Felicia
Hemans
Childhood
Felicia
Dorothea Browne was six years of age when The Battle of the Nile took place in 1799 and
the whole country celebrated one of the
defining naval battles of the Napoleonic
wars. Childhood impressions are very strong and even though the young
Felicia would have only vaguely understood what was happening at such a young
age, she later invoked the memories in a vivid and poignant poem which served to
illustrate how strongly it had affected her. The poem was called
Casabianca and it told of an incident during The Battle of the Nile.
The Battle of the
Nile ( 1799 )
When the young Napoleon Bonaparte returned
fresh from his victories in Italy to be feted by the whole of Paris, his masters
in The Directory were wary of his brashness and his latent power so when he
himself proposed his next campaign, they readily agreed. If it had taken
time to reflect, The Directory would have seen that Napoleon's proposal was a
laughably naive, boys-own adventure dressed up as a vague attempt to thwart
British plans in India.
With characteristic zeal, Napoleon quickly gathered a fleet at Toulon consisting
of thirteen ships of the line, four frigates and a host of transports to carry
an army of 31,000 soldiers. Another army of engineers, botanists,
archaeologists, civil servants, doctors and artists also gathered as an
accompanying scientific expedition. The armada was presided over by
Admiral Brueys who sailed in the L'Orient which was at the time the biggest
warship in existence and his captain was named Casabianca.
The fleet sailed across the Atlantic and almost as an afterthought anchored at
Malta where they set about looting everything they could lay their hands on and
finally landed at Alexandria in July, 1799.
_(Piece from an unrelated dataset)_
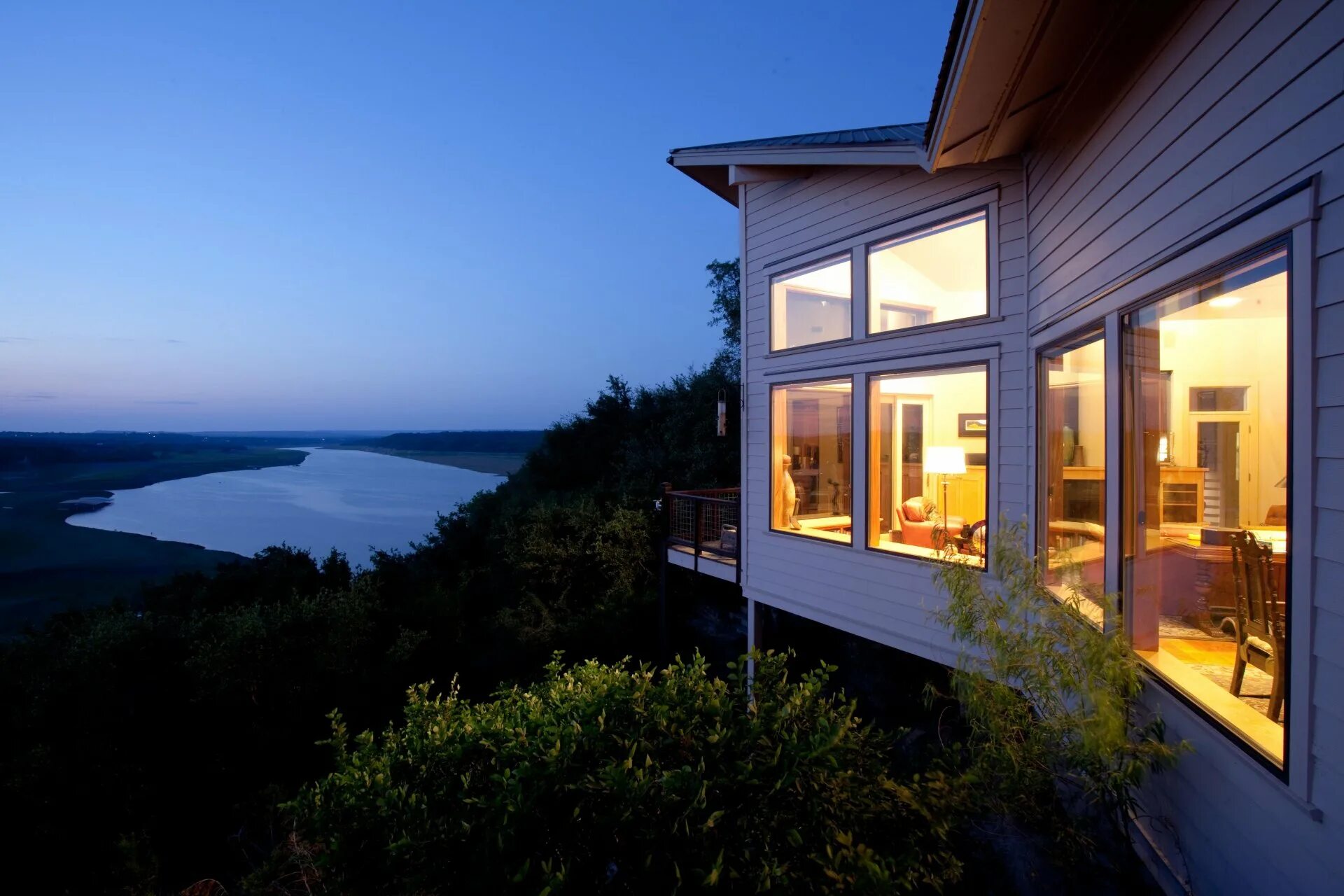 Дом дача в горах. Дом с панорамными окнами. Дом на берегу моря. Домик с панорамными окнами. Дом в горах у моря.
Two great battles in the shadow of the Pyramids comprehensively defeated the
Mameluke cavalry and Napoleon set about shaping the conquered countryside into
his vision of what he thought it should be ( a characteristic of Napoleon
throughout his life was that he shaped his environment in his own fashion
whether it was a nation or a drawing-room ). The scientists were
themselves busy with the exotic new world around them and if there was one good
thing that came out of the Egyptian Campaign it was the commencement of
Egyptology which carries on to this day. Vivant Denon catalogued artifacts
to be carried back to France which later formed the beginning of the Egyptian
collection in the Louvre { of which Denon was to be the first curator ) while a
group of soldiers discovered lying in the sand what would later be the key to
Champollion's deciphering hieroglyphics---the Rosetta Stone, now in the British
Museum.
The French fleet in the meanwhile remained at anchor in Aboukir Bay in positions
which were to soon have fatal repercussions. Broueys had placed his ships
in such a way that they were too far from shore to have the advantage of shore
batteries and had obligingly left enough sea between land and ships to be
attacked from both sides. In an age when the broadside was the cutting
edge of naval warfare it was asking for trouble and it wasn't long in
coming. Nelson deployed his ships to come in on both sides of the anchored
French fleet and his Band of Brothers in the Goliath, Vanguard, Bellerephon, Leander and Swiftsure blasted the French
ships incessantly. The battle went on through the night and the French
ships were pounded unmercifully until morning found that four ships had escaped
and the remainder were either sunk or
aground. Two thousand French sailors
died and three thousand were taken prisoner in what was a complete disaster for
French naval power and could be described as Napoleon's sea-going Moscow
debacle.
L'Orient
Felicia was in
her thirties when she recalled her childhood memories of the incident ------ but
it wasn't the feats of arms that she remembered and it wasn't Nelson's glorious
victory that she recalled, Her romantic soul had polarised around the
plight of a young French boy caught up in the maelstrom of the battle.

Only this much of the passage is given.